Bleeding from the oral cavity can lead to even life‐threatening hemorrhage in these individuals. People with hemophilia often tend to ignore oral health due to the fear of inducing oral bleeding and fear of dentists and dental treatment procedures among PwH. 2 Uncontrolled bleeding arising from the oral cavity was the primary presenting symptom of hemophilia. 7 , 23 , 26 A recent systematic review and meta‐analysis by Silva et al. and Kinalski et al. showed there was no significant differences in the oral health status of children and adolescents with hemophilia compared to their healthy counterparts. 39 , 40
Dental treatment procedures may be noninvasive, mildly invasive, slightly invasive or highly invasive based on which the risk of bleeding may vary. Consequently, there will be a variation in the amount of factor concentrate required for the control of bleeding arising due to the procedures performed in the oral cavity. 4 Patients on prophylactic factor therapy usually experience uneventful dental treatment procedures due to the factor cover that render them “risk‐free” from prolonged posttreatment bleeding. There were two cases in this report in which the patient was on prophylactic factor replacement therapy. 17 , 27 Jayaram J reported a case of successful reimplantation of avulsed maxillary incisor teeth where the patient was on prophylactic factor replacement therapy. 17
It was observed from the analysis of the included reports that irrespective of the severity of hemophilia and invasiveness of dental procedures, even mild cases planned for multiple dental treatments (restoration, extractions etc.) were administered factor replacement prior to procedure. 9 For oral prophylaxis (2 cases) performed in moderate and severe cases; tranexamic acid 1300 mg orally thrice a day before procedure, Recombinant factor VIII 50 units/kg prior to treatment and oral tranexamic acid 1300 mg three times a day for 7 days, factor VIII was given for 5 days after the scaling procedure at the dosage of 50 units/kg (IV) every 24 h. 8 , 11 Also, irrespective of the severity of hemophilia, highly invasive procedures like endosteal implant placement warranted the need for pre and post implant procedural factor replacement therapy (Dose range from 2500 to 3000 IU as long as ten days). 18 , 19 , 41
Atraumatic technique while performing dental treatment procedures and special considerations may be warranted for people with hemophilia.
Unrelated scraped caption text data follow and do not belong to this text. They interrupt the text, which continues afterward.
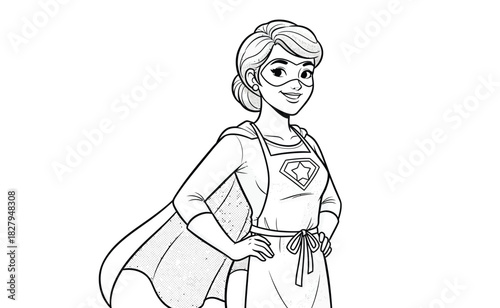 Empowered Superwoman Line Art Illustration Celebrating Women’s Rights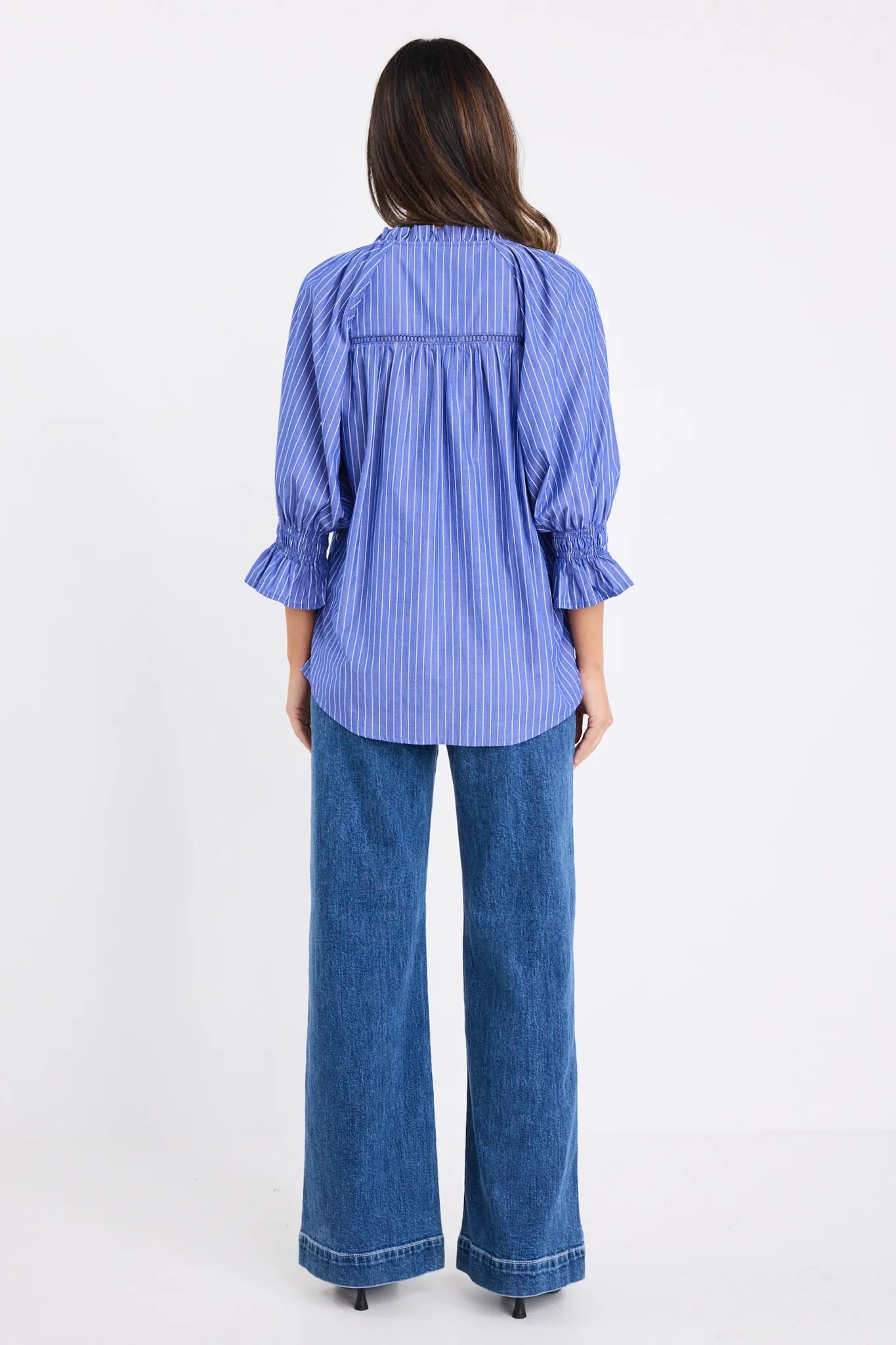 Noetic Stripe Short Sleeve Blouse / Dark Blue
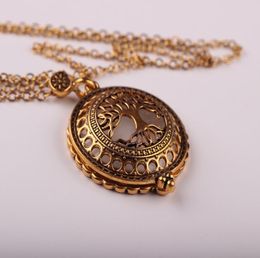 WholeLife of tree magnifying glass pendant Long Necklaces Vintage hollow out pendant Bronze Plated Jewelry For women4378497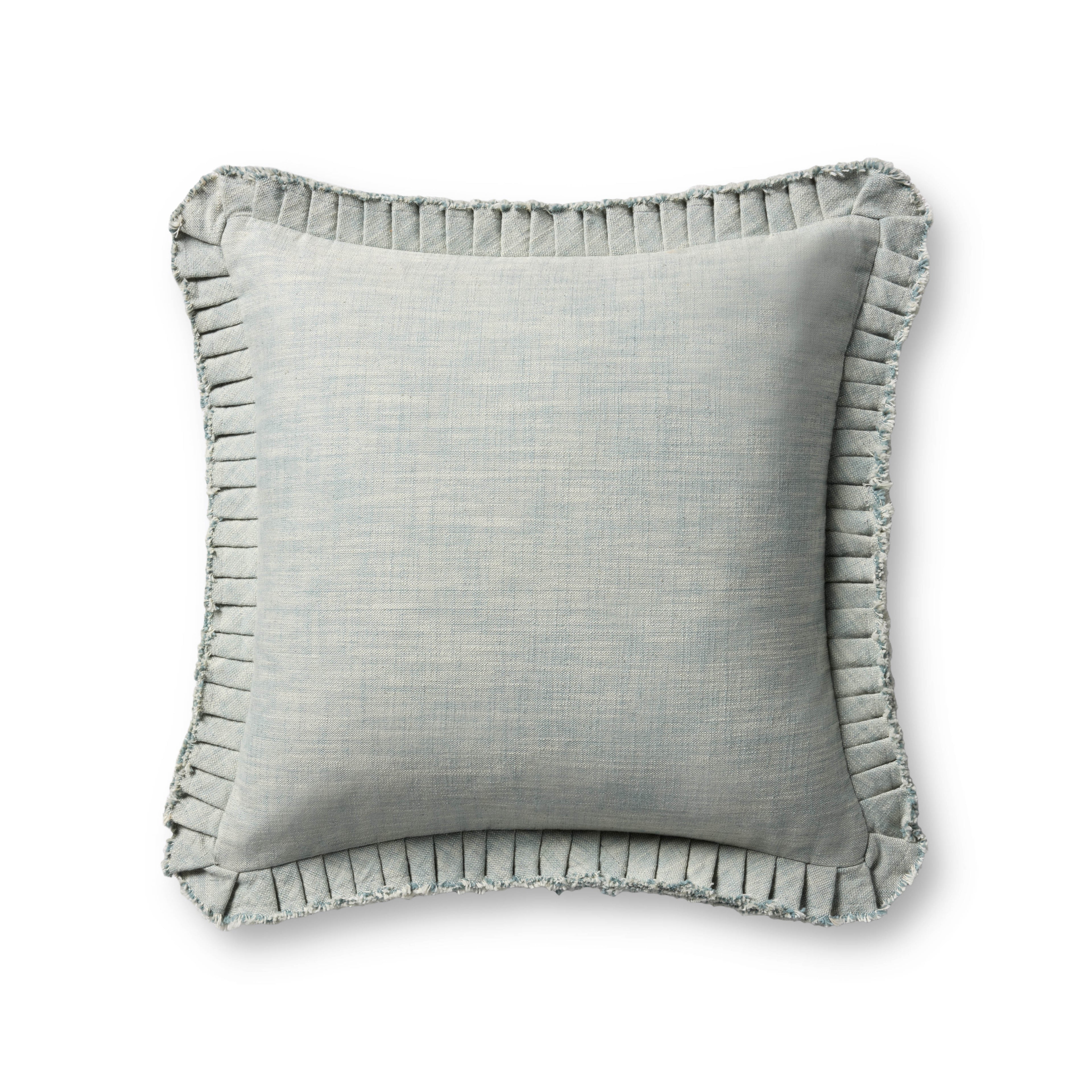 Loloi PLL0210 Linen Pleated Ruffle Edge Throw Pillow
During scaling procedure, minimum power ultrasonic scaler (No 1 Satelac tip) may be preferred for these patients. Similarly, atraumatic technique with careful forceps‐handling with adequate clearance from the gingival soft tissue while performing dental extraction procedure with palatal–buccal and circular movements can be adopted. 11 In a case of mild Factor IX deficiency, invasive procedure like mandibular third molar impaction surgery was managed with factor replacement as high as 10000 IU prior to the procedure under general anesthesia and 5000 IU up to three days post‐operatively. 27
Bajkin et al. reported a case of a 34‐year old male with mild hemophilia who underwent extraction of maxillary premolar tooth without factor replacement therapy and adequate hemostasis was achieved with the fibrin sealant and suturing. 32 Shreya Desai et reported a case of a seven year old child who was diagnosed with mild hemophilia B due to excessive bleeding from dental extraction site after four days and the patient and was managed with local measures and oral antifibrinolytic therapy without the need for factor replacement. 7
The results of the JBI critical appraisal checklist for case reports and case series showed that the quality of reports included for this review were moderate to good. Most of the case reports scored six or above out of eight quality criteria. All the five included case series scored 8 or higher out of the ten criteria.
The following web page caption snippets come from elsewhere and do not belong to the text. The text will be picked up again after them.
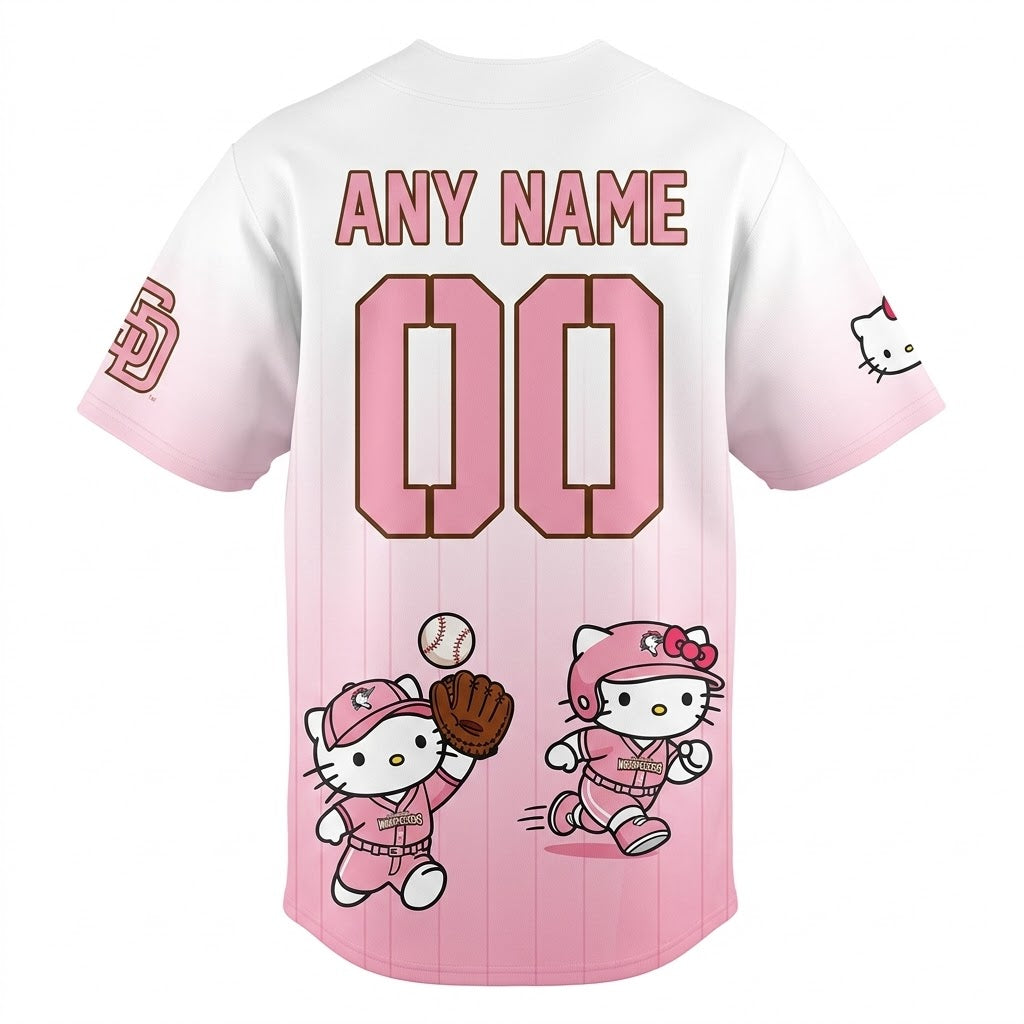 Custom Name - Woodpeckers x Hello Kitty 2026 Pink Baseball Jersey - All Size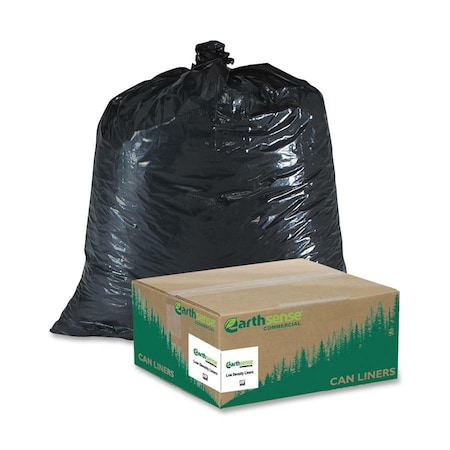 Earthsense Commercial 33 gal Trash Bags, 32.5 in x 40 in, Heavy-Duty, 0.9 mil, Black, 80 PK RNW1TL80V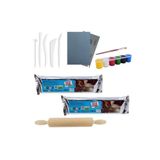 Hobialem Kil Hamuru Set-6, Seramik Hamuru, 2 Kg Beyaz Kil, Ebeşuar Merdane, Boya, Fırça, Zımpara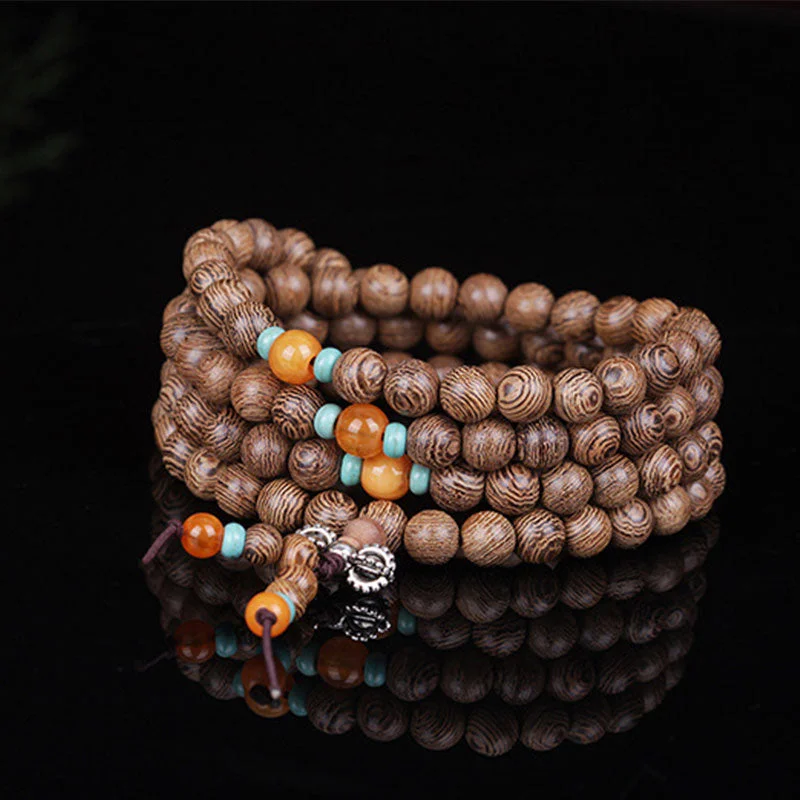 108 Beads Natural Wenge Wood Rosewood Healing Bracelet Necklace Mala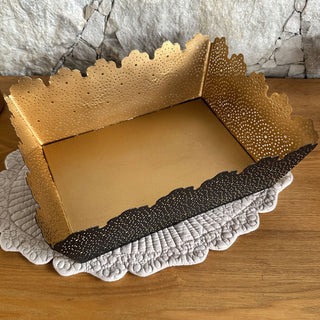 Decorative Hamper Tray – Matte Black & Gold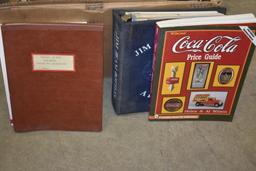 BOX WITH MISC MANUALS; COCA-COLA COLLECTIBLES
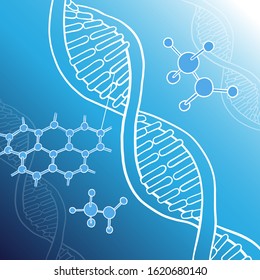 Poster On The Theme Of Science And Chemistry. Structure Of The DNA Molecule, Atoms, Molecular Structure. White Outline On A Blue Background. Vector Illustration In Sketch Style.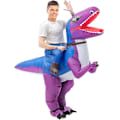 Pikkukuva 2 / 5: 1 violetti aikuisten ratsastava Velociraptor-ilmapuku, ilmapuku
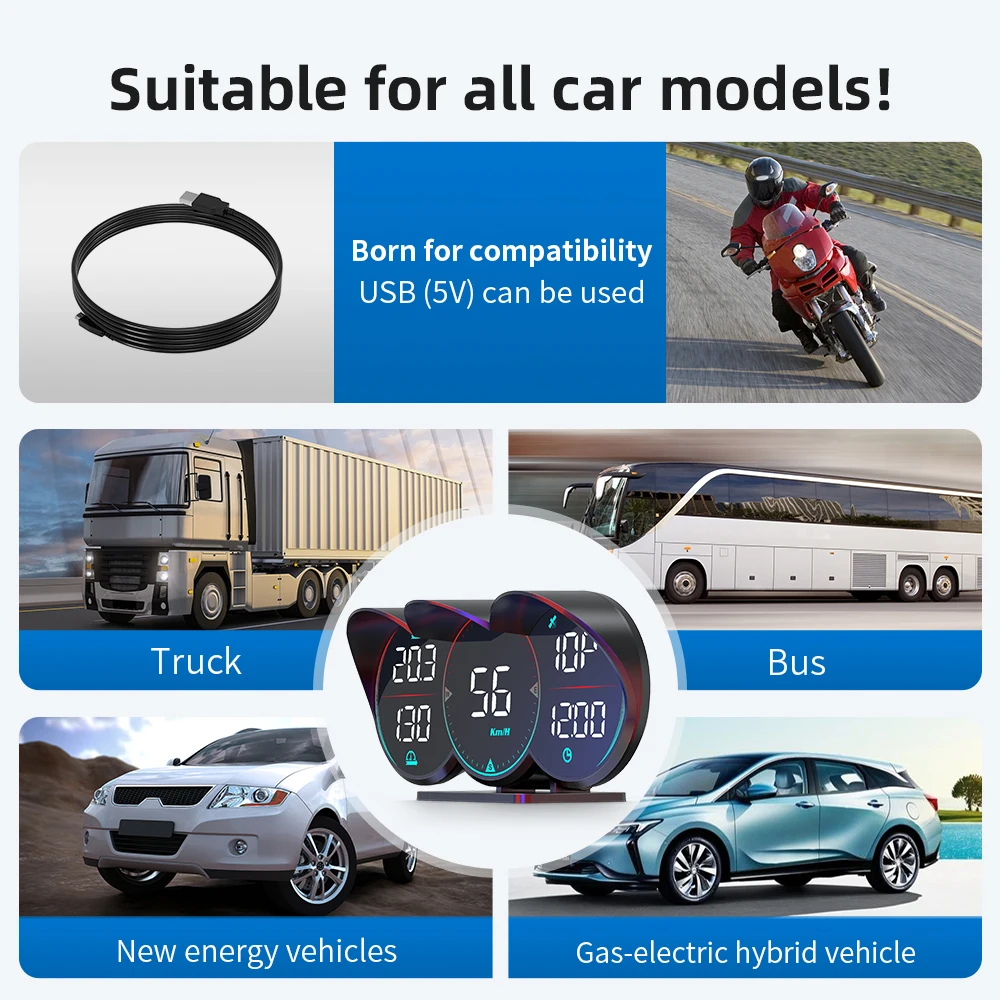 WYYING G17 GPS Automatic HUD Speedometer Head Up Display Car Smart Digital Velocimeter USB Speed Alarm Reminder Cars head up display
The limitations highlighted in this review are crucial for understanding the context and potential implications of the findings. A breakdown of the identified limitations are as follows:
Incomplete Details on Pre‐procedural Factor Infusion: Lack of comprehensive information about pre‐procedural factor infusion could impact the thoroughness of the review. This missing data may hinder the ability to assess the effectiveness of factor infusion in different cases.
Limited Information on Factor Duration: The absence of details regarding the duration of factor infusion is a notable limitation. Knowing the duration is crucial for understanding the sustainability and effectiveness of the treatment.
Incomplete or Missing Data on Patient Weight: The absence of information regarding patient weight, essential for calculating factor doses, is a significant gap. This limitation could affect the accuracy of dosing, potentially impacting the outcomes of the treatment.
Von Willebrand Factor Assay Details for Mild Cases: Incomplete details on the von Willebrand Factor assay for mild cases raise concerns about potential overlaps between von Willebrand disease and hemophilia. This lack of clarity could impact the precision of the review's conclusions.
Lack of Details on Referral Protocols: The absence of information on referral protocols for treating patients with different severity levels of hemophilia is a substantial limitation. This could affect the generalizability and applicability of the findings to different patient populations.
4.1. Recommendations for patient‐centered care
The conclusion emphasizes the need for a patient‐centered care approach with a multidisciplinary team. This implies that the identified limitations should prompt healthcare providers to adopt a holistic and collaborative approach when offering dental treatment services for patients with hemophilia. The treatment strategies are custom made for each patient and consultation needs to be sought with the patient's hematologist for patient specific protocols whenever dental treatment procedures are planned. It is to be noted that the circulating factor levels vary in mild, moderate and severe hemophilia and the replacement therapy depends on the severity of hemophilia and the type of dental procedure that is scheduled for the patient.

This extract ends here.